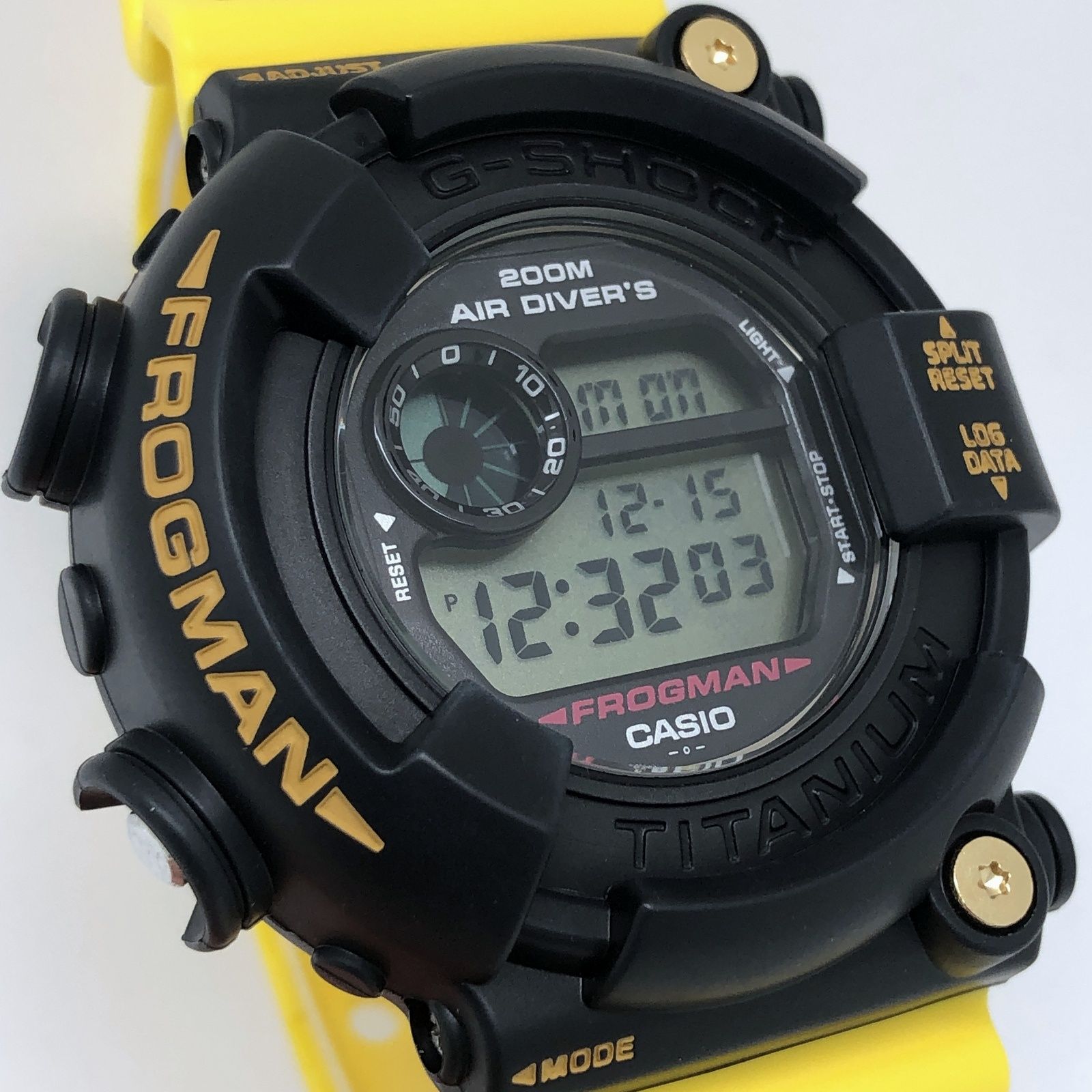 G-SHOCK ジーショック DW-8200Z-1T フロッグマン 初代イルクジカラー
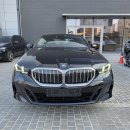 한독스포츠클럽(실내) | BMW 530I xDrive G60 출고 후기 카본 블랙 10일 만에 출고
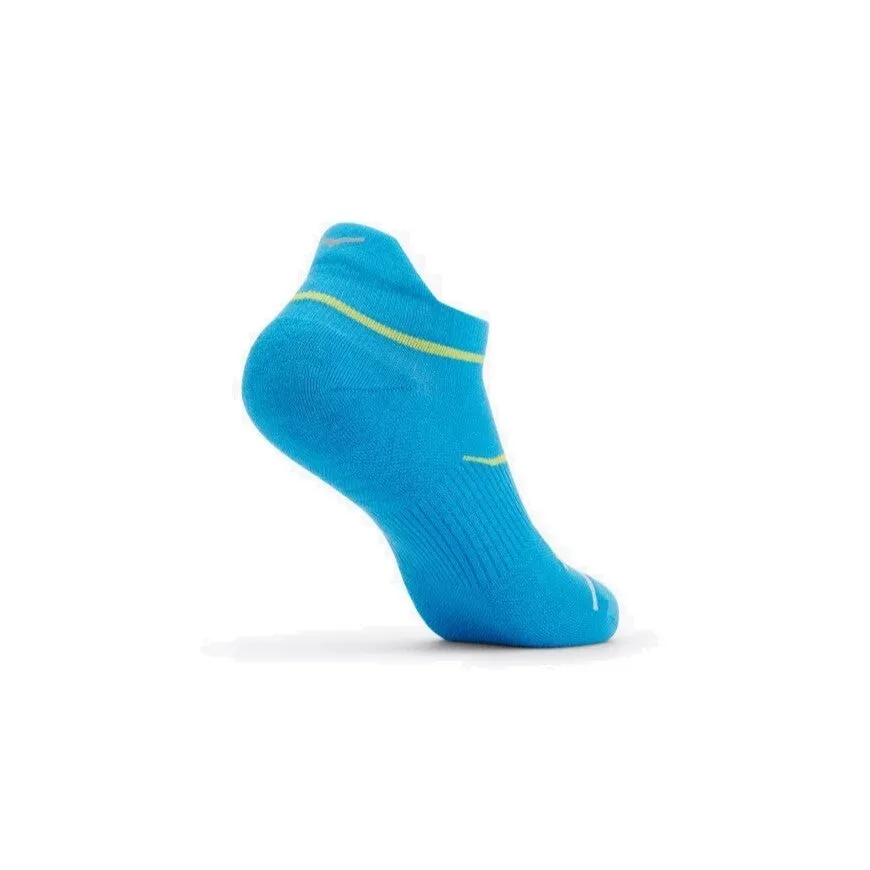 Hoka No-Show Run Sock | 3 Pack | Diva Blue / Ice Water / Evening Primrose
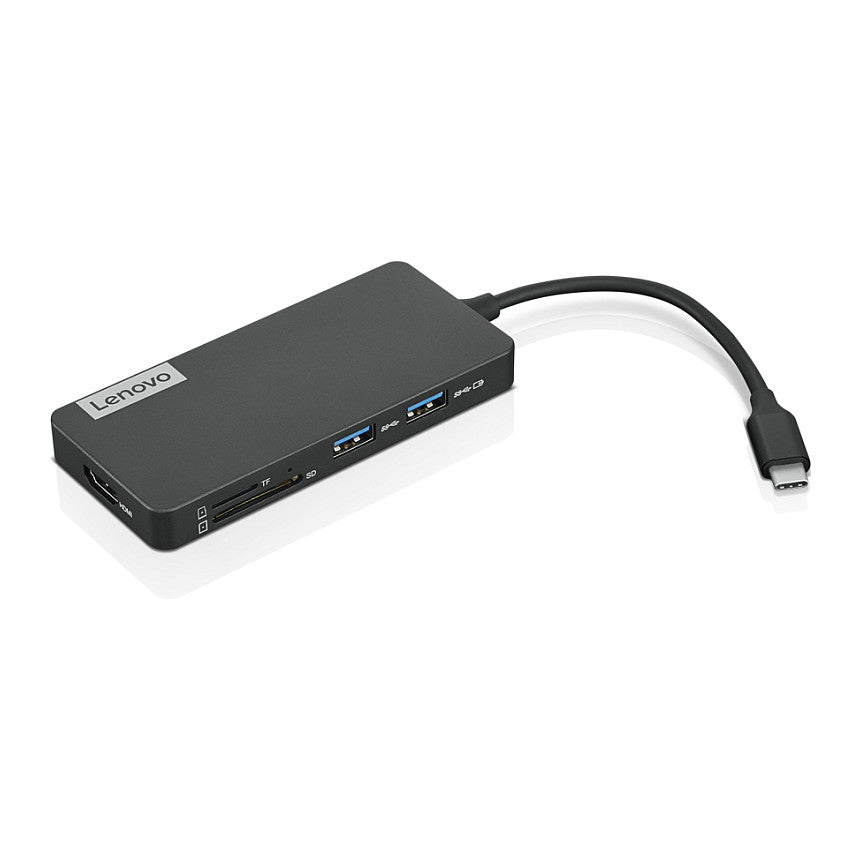 D Lenovo USB-C 7-in-1 Travel Hub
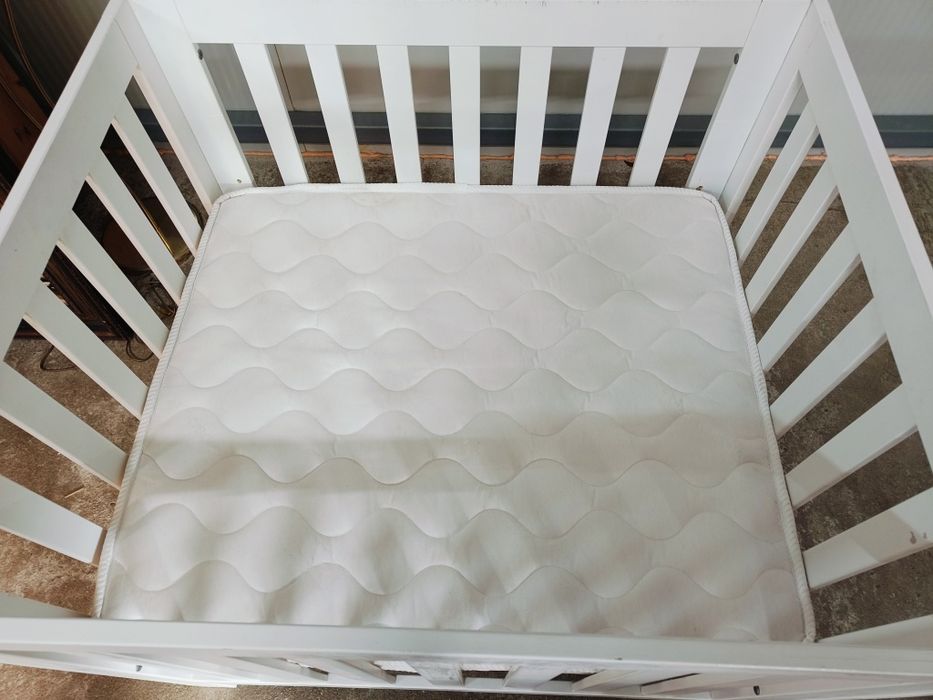 Бебешка кошара с матрак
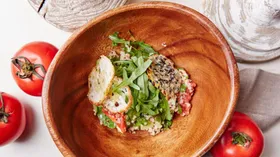 Рецепты с твёрдыми сырами, крупой и хлебом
※
**PROBLEM:**
Only an exact, picture-free copy of the entries counts as the answer.

**COMPLETED EXERCISE:**
 G-SHOCK ジーショック DW-8200Z-1T フロッグマン 初代イルクジカラー
 한독스포츠클럽(실내) | BMW 530I xDrive G60 출고 후기 카본 블랙 10일 만에 출고
 Hoka No-Show Run Sock | 3 Pack | Diva Blue / Ice Water / Evening Primrose
 D Lenovo USB-C 7-in-1 Travel Hub
 Бебешка кошара с матрак
 Рецепты с твёрдыми сырами, крупой и хлебом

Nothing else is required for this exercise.